Published: 16 June 2021


Adverse events following immunisation with COVID-19 vaccines: Safety Report #11 – 15 May 2021


This page provides information on the number of adverse events following immunisation (AEFI) reports received for COVID-19 vaccines.

The national roll-out of COVID-19 vaccines commenced on 20 February 2021. The vaccine currently available in New Zealand is Pfizer-BioNTech (Comirnaty). All medicines can cause side effects, the known side effects for Comirnaty are listed in the data sheet and consumer medicine information.

Suspected AEFI to COVID-19 vaccines are reported to the Centre for Adverse Reactions Monitoring (CARM). The Ministry of Health (through Medsafe) contracts the collection of this information to CARM, based at the University of Otago in Dunedin. Medsafe is closely monitoring the AEFI reported from the use of the COVID-19 vaccine. Find out more about vaccine safety monitoring.

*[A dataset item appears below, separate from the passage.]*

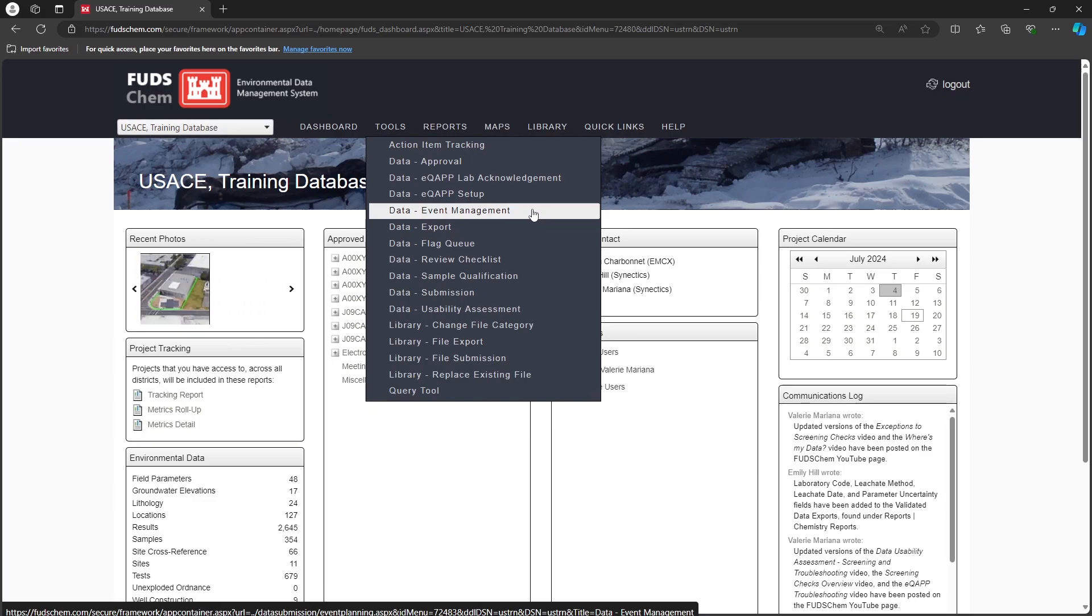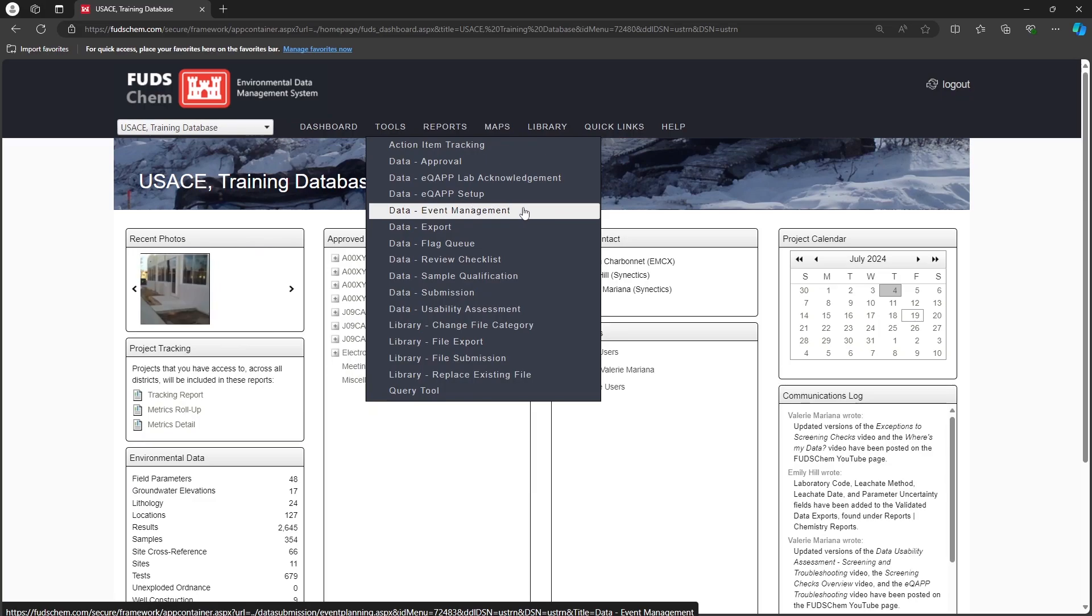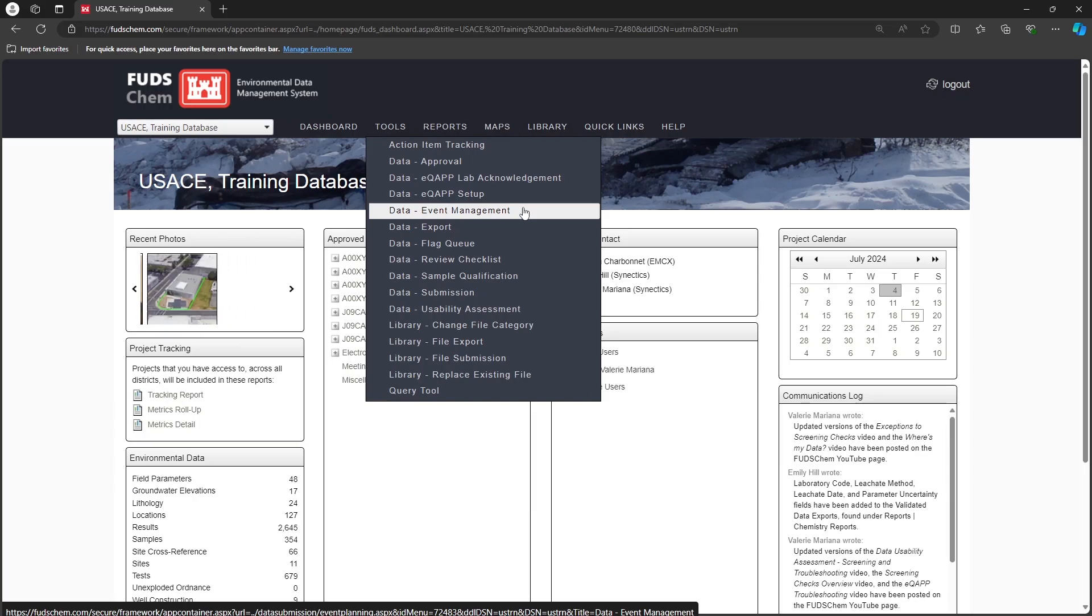This step is completed under Tools, Data, Event Management. For more information, refer to our Event Management tutorial videos, linked in the description.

Adverse events following immunisation (AEFI) reported

The information below includes:

  • AEFI reports received and vaccine doses administered
  • AEFI reports by prioritised ethnicity and vaccine dose
  • AEFI reports by age band and vaccine dose
  • the top 10 most frequently reported AEFIs by vaccine dose.

AEFI reports received and vaccine doses administered, up to and including 15 May 2021


New AEFI reports since last update

(557 new non-serious and 24 new serious)


New safety signals (potential safety issue) have been identified


Total doses administered



Total AEFI reports that were non-serious


Total AEFI reports that were serious


Total AEFI reports that were received


There were 557 non-serious and 24 serious reports this week. Nine of the serious reports described as allergic reactions and 2 were for reactogenicity (flu-like symptoms). The remaining reports were for: thrombosis (3 cases), reduced vision (2 cases), kidney injury (1 case), blood in urine (1 case), seizure (2 cases), polyarthritis (1 case) and facial paralysis (2 cases).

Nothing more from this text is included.